Philippine Supreme Court Jurisprudence


Philippine Supreme Court Jurisprudence > Year 1905 > February 1905 Decisions > G.R. No. 2063 February 24, 1905 - UNITED STATES v. TOMAS BIRUEDA

004 Phil 229:




PHILIPPINE SUPREME COURT DECISIONS

EN BANC

[G.R. No. 2063. February 24, 1905. ]

THE UNITED STATES, Complainant-Appellee, v. TOMAS BIRUEDA, Defendant-Appellant.

Claudio Gabriel, for Appellants.

Solicitor-General Araneta, for Appellee.

SYLLABUS


1. CRIMINAL LAW; ROBBERY; QUALIFYING CIRCUMSTANCES. — Without using force on the things or violence or intimidation on the persons, the crime of robbery can not exist, and therefore, when the evidence does not disclose the presence of any one of these circumstances, the crime committed can not be designated as robbery, but only theft, as defined by article 517 of the Penal Code.

2. ID.; ID.; FORCE. — A person who takes money from an open drawer does not use force on the things.
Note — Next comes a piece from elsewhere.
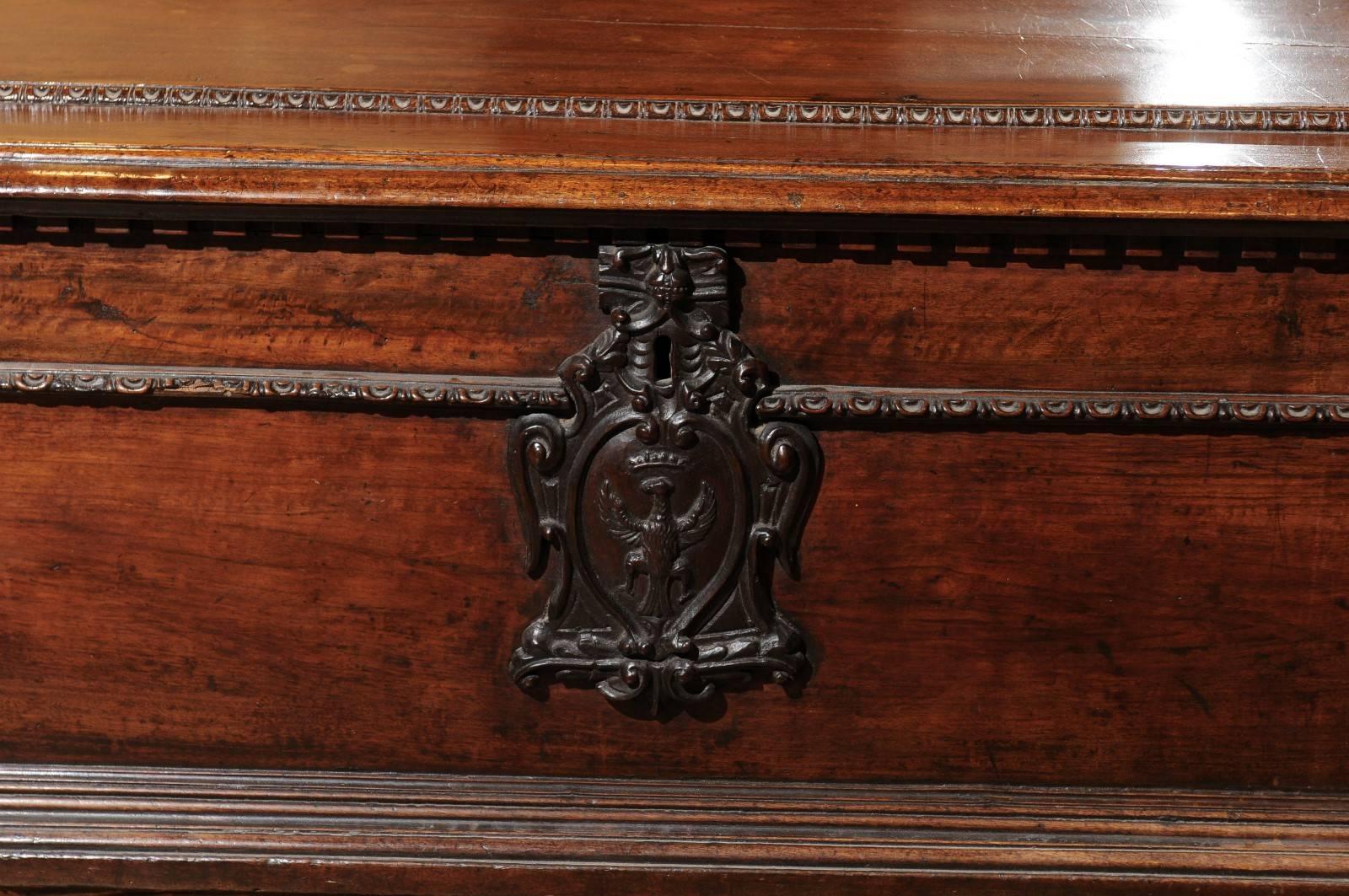Italian Early 19th Century Wooden Cassone Chest with Family Crest and Paw Feet 4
3. ID.; ID.; VIOLENT AND INTIMIDATION. — The fact that the owner of the money and his companions were tied at the time the money was taken, and had been so tied for some hours previously for a reason entirely foreign to the fact of the taking of the money, can not be considered as violence for the purposes of the Penal Code defining the crime of robbery.


D E C I S I O N


MAPA, J. :


The fact that the defendant and appellant, together with his other two codefendants, who did not appeal, took possession, with the intention of profiting thereby, of the amount of 250 pesos while the owner thereof was tied to the wall in his home, together with three other persons, the latter having been tied by the appellant, a corporal in the Constabulary, and his companions, a few hours prior thereto on the supposition that they had concealed and aided a band of robbers whom the Constabulary were endeavoring to capture, does not constitute the crime of robbery, but only that of theft, provided for and punished by article 517 of the Penal Code, as state by the court below in its judgment.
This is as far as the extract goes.